**TASK OBJECTIVE:** Set the listing down again exactly, please, apart from its pictures.

**INFORMATION PROVIDED:**
****
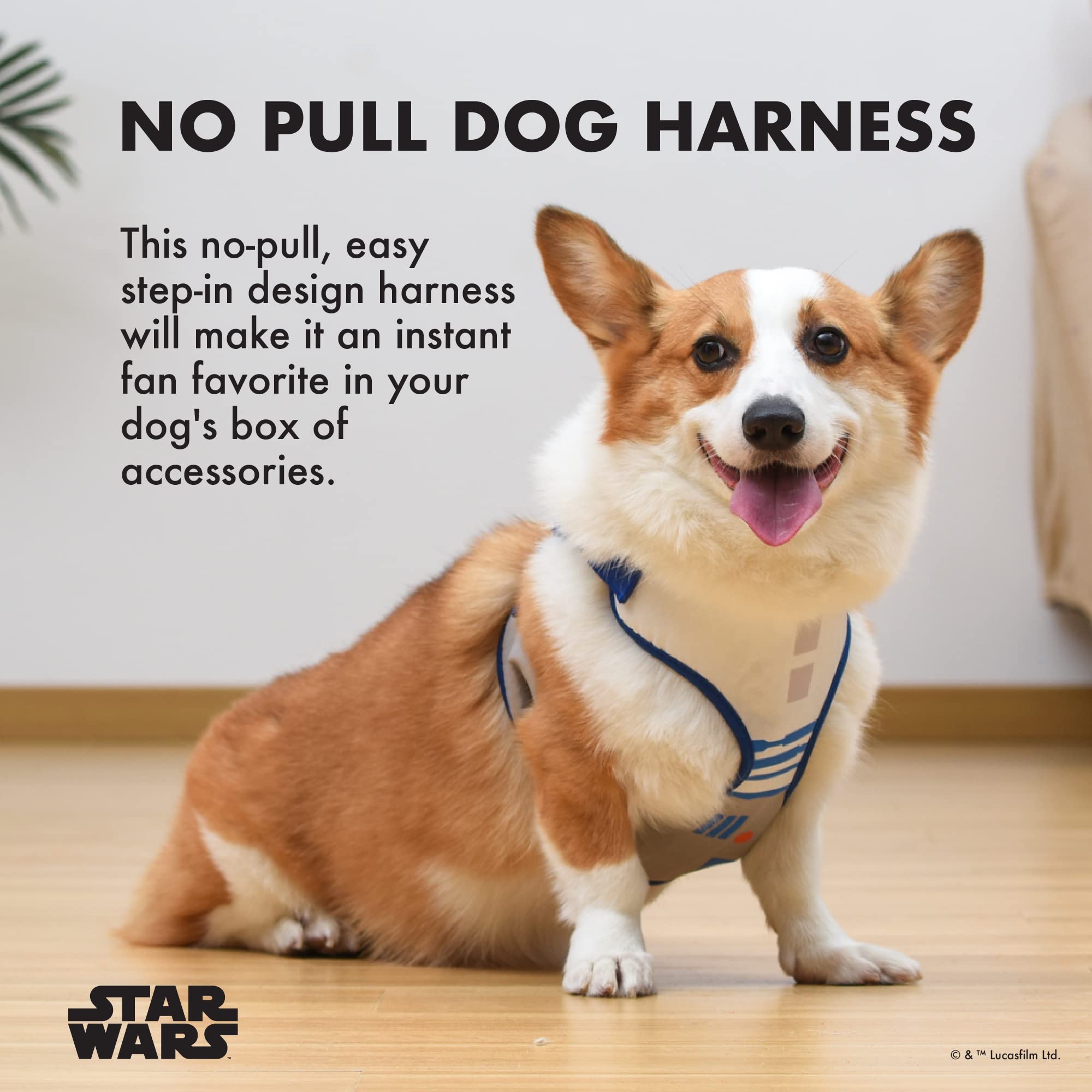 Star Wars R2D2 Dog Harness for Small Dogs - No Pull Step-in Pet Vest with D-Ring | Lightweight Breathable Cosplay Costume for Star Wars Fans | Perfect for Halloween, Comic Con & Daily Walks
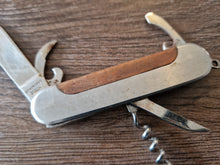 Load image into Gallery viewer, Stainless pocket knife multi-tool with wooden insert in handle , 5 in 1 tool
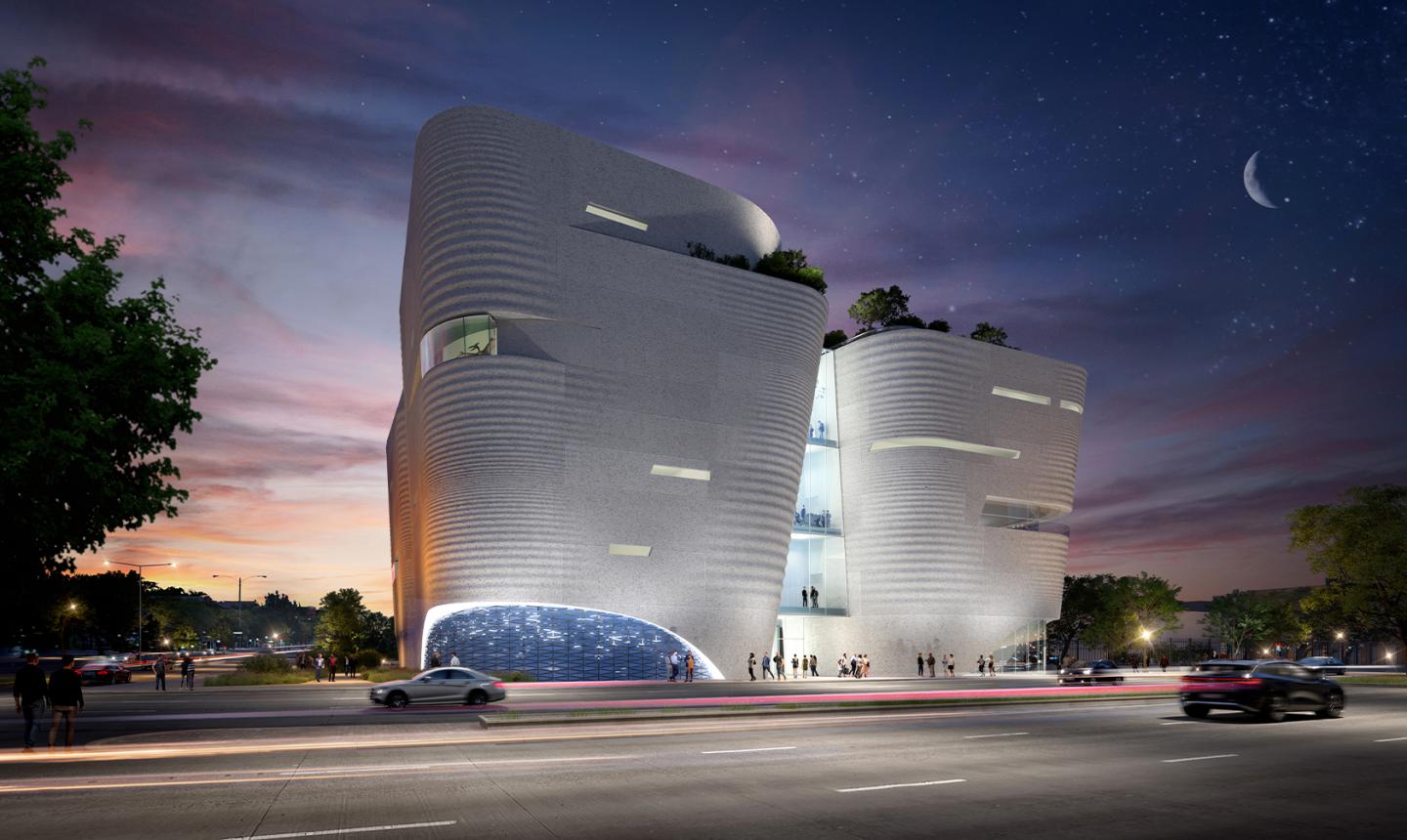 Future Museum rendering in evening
****
**YOUR RESPONSE:**
 Star Wars R2D2 Dog Harness for Small Dogs - No Pull Step-in Pet Vest with D-Ring | Lightweight Breathable Cosplay Costume for Star Wars Fans | Perfect for Halloween, Comic Con & Daily Walks
 Load image into Gallery viewer, Stainless pocket knife multi-tool with wooden insert in handle , 5 in 1 tool
 Future Museum rendering in evening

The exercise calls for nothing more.